出演者はすべて本職の俳優ではなく、子役も、清水宏監督のところに寄宿する元浮浪児たちだそうだ。

この映画の撮影は1947年。終戦から2年しか経っていない年に、このような質の高い映画が作られたことにまず驚いた。
役者のセリフは硬いし構成も上手いとは決して言えない。だが、清水監督がこの映画にかけた「思い」はビンビン伝わってくる。観るものをぐいぐい引き込む力がある。そういう意味での質の高さである。

「国破れて山河在り」とはよく謂ったものだ。この映像を見ていて本当にそう思った。主人公の復員兵と戦災孤児たちが旅をする田舎の風景の美しいこと。海辺、川原、山や林。そして今はもう見られない塩田の場景。オールロケだ。
わが国が戦後の復興をなし得たのは、農村が荒廃していなかったからだと言っていい。逆に言えば、農山村から様々な資源を収奪することによってわが国は立ち直ったのだ。

また、この映画は「働く」ことの意味についても考えさせてくれた。
主人公の復員兵は、行く先々で「○○を××へ持って行けば3倍で売れる」などと、ヤミ屋を勧められるが、毅然としてそれを断る。額に汗して働くことにこだわる。

「おっちゃん、このサツマイモうまいな」
「サツマイモがうまいんじゃないんだよ。いっしょうけんめい働いたからうまいんだよ」

しかし実際現代の経済においてわれわれは恥も外聞もなく、労働力の安い国で生産し消費力の高いところで売るという、まさにヤミ屋的商売をやっている。それがどうした悪いかと言われれば返す言葉もないのだけれど。

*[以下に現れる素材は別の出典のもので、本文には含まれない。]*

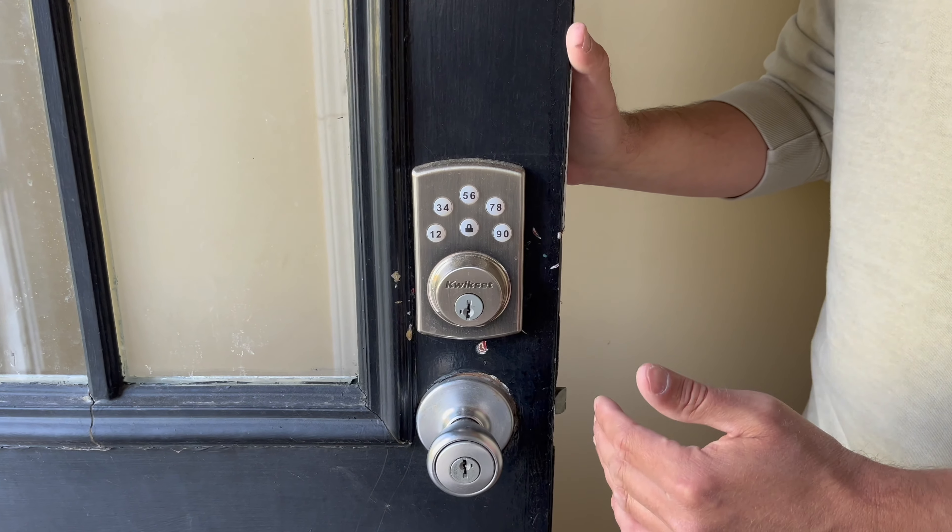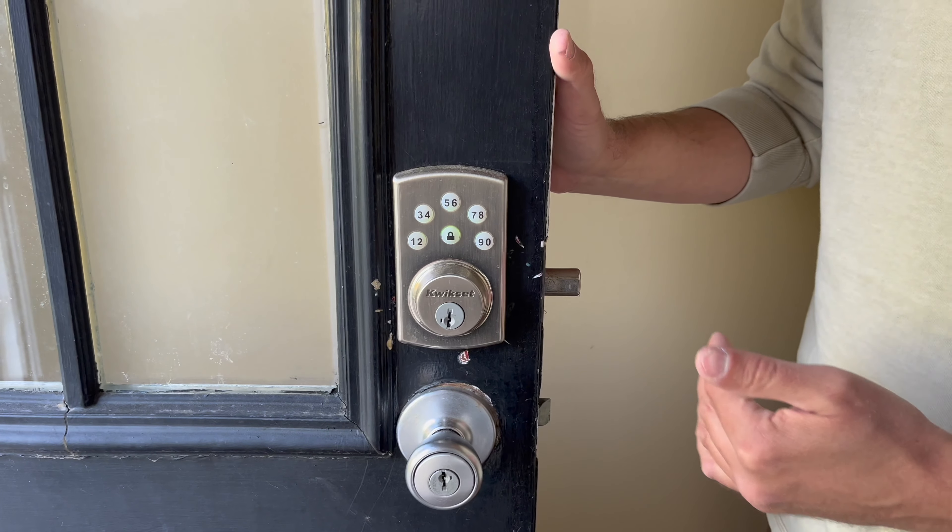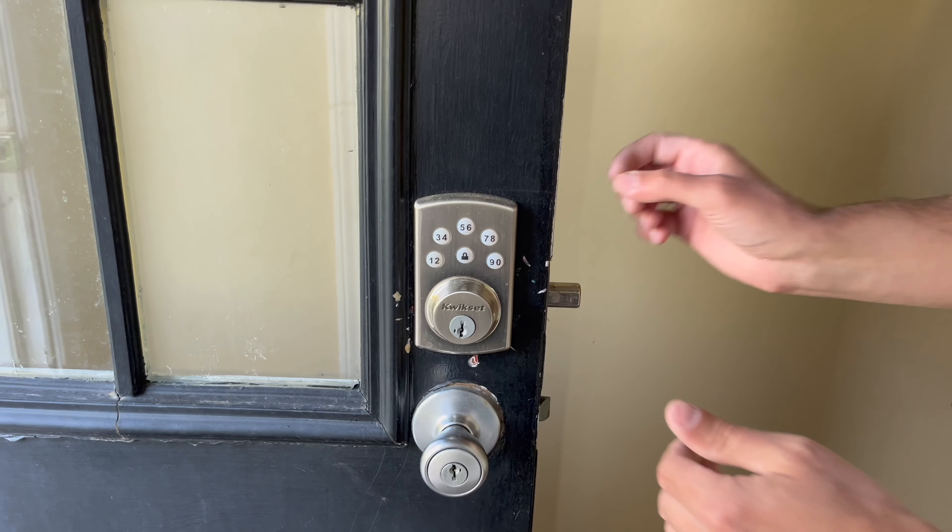I'm going to show you this quick set automatic keypad lock. When you close your door and you're ready to lock it, you just hit your lock button. When you want to unlock it, it's very convenient — you just use the keypad and it unlocks.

エンディングは、なんだか唐突だ。旅の目的である厚生施設「みかへりの塔」は、「そこへ行きさえすればみんな幸福になれる」場所として描かれているが、それでいいんだろうかという気がする。ちょっと疑問である。

それから、サウンドトラックの録音状態が悪いのか、音声が聞き取りにくい個所があった。デジタル化(リマスター版?)とか、リメイクも考えられるのではないか。いや、ぜひリメイクをお願いしたい。

誰も好きこのんで孤児になったわけではない。わが国の歴史のそう遠くないある時期、戦争によって父母と別れなければならなかった子ども達がいたことを、しかしそれでも彼らは希望を持って生きていたことを、今の世に伝えるために。